We see in the passages above what harm just our words can do. The old children's verse that says, "words can never hurt me", is simply not true. The Bible says our words can set something on fire. Words can set on fire our husbands emotions! A woman is told to have a "meek and quiet spirit" and that the Lord esteems this trait very highly. Notice also in the passage in I Peter 3 that this highly esteemed trait is spoken of in the marriage setting.

Too many women in our world today have no idea how to apply the instruction to have a "meek and quiet spirit". Saved women usually will say that they themselves do practice this instruction, especially in their homes. My husband has known of quite a few women to say that they do practice this. Yet he knows them and their husbands and knows that their husbands say the opposite of them. Women, we usually do not see our own faults! The Bible says "Every way of a man is right in his own eyes: but the LORD pondereth the hearts." (Proverbs 21:2)

When a woman questions her husband with, "Why did you ____?", and "Why did you not _____?", she is not using discretion with her words. This immediately puts her husband on the defensive and his next move will not be to answer her question but to reestablish his authority. Thus the struggle begins again. He may then act out in ways to force his authority on his wife. To question a husband is to question his authority. To demand of a husband does the same thing. Women will often say that they do not demand of their husbands. Yet they will tell their husband what they must do or what they expect of them and add a little "please" in the sentence thinking this will cover the bruntness of their demand. A "Please do not do that anymore!" is not submissive. It is demanding in its own way. It does not reflect a meek and quiet spirit.

Esther was careful with her words. When approaching her husband, she always said, "If I have found favor in thy sight...", and, "If it please the king to grant my petition... " She always prefaced her questions or requests, with "if, if, if". Then after this submissive preface, she stated her request. Never did Esther make a demand of her husband, and never did she accuse him of wrong doing. She found a way to merely state the facts while always practicing this godly, submissive attitude.


Most men, even unsaved husbands, as Esther's was, will respond to a godly, submissive wife who very discreetly and very submissively presents her problem to him. In fact, most men WANT their wives' input. They know they don't have all the facts on every situation and they know they need this input from their wives. We must never assume that submission is never giving an opinion or helpful information, ideas and thoughts. It all depends on what the particular situation is, and also on how the wife presents her point of view.

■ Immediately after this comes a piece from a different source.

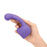 Tillbehör Petite Curve Weighted Le Wand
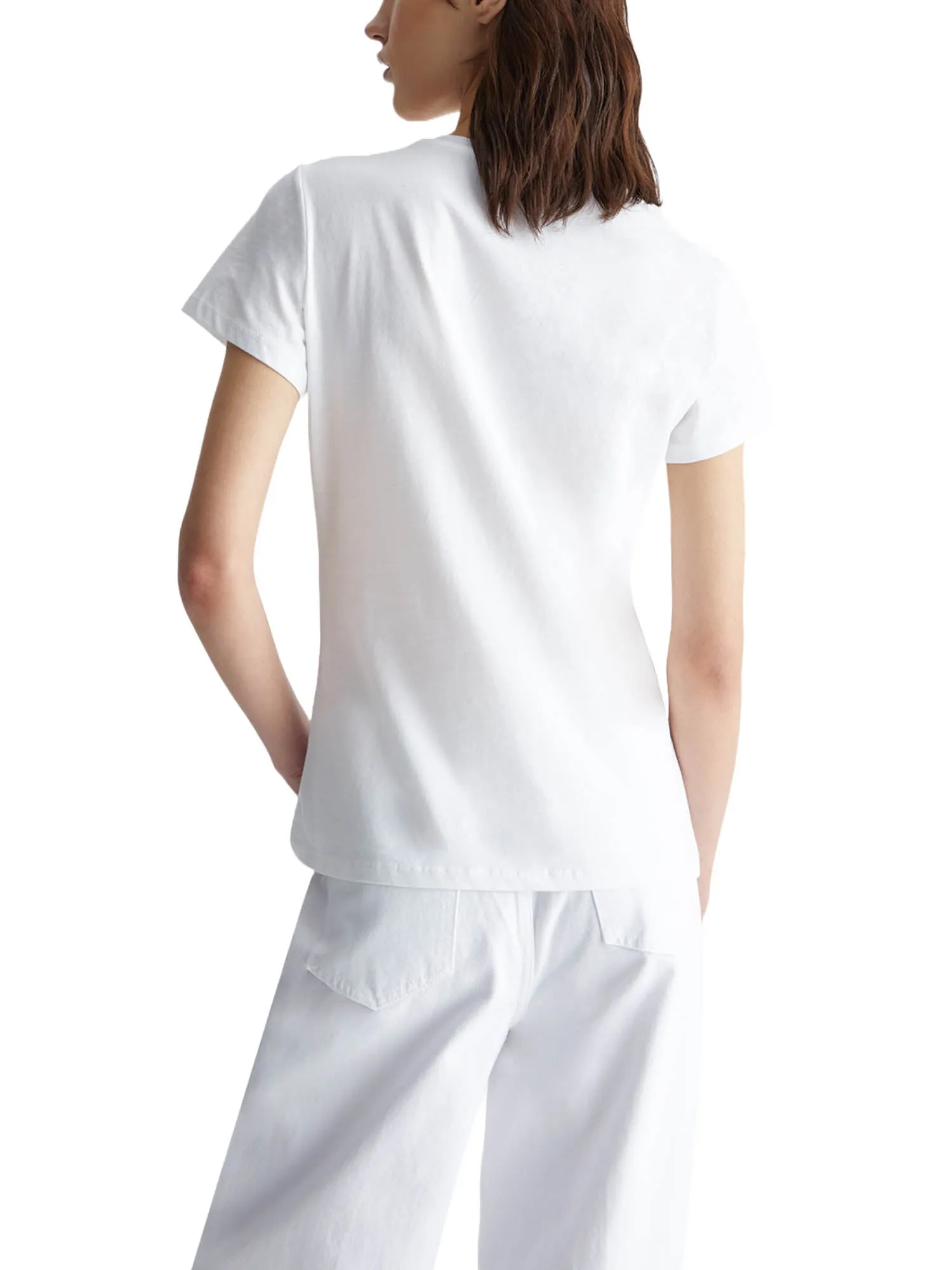 Liu-jo T-shirt MA4340 JS923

We can see that Esther did not barge in on her husband and demand to be heard. Neither did she immediately give him a piece of her mind. She used discretion. Esther approached her husband in such a submissive way that his heart was first softened, causing him to want to listen to her. This caused him to then greatly desire to hear her request. Then and only then did she begin to share the burden on her heart.

After she had proved her submissiveness, Esther's husband was willing to give her whatever her request was, knowing she would not abuse his trust.

The story of Esther shows us that we most certainly can talk with our husbands about problems, and communicate effectively with them without overstepping our bounds. We must always apply the wisdom and instruction the Lord has given us through His Word.

We also must not forget that there is an even greater reason to be the wives the Lord would have us to be, and it has to do with the cause of Christ. This passage speaks for itself:

"...teach the young women to be sober, to love their husbands, to love their children, To be discreet, chaste, keepers at home, good, obedient to their own husbands, that the word of God be not blasphemed."(Titus 2:4-5)

May God's Word be honored in our lives!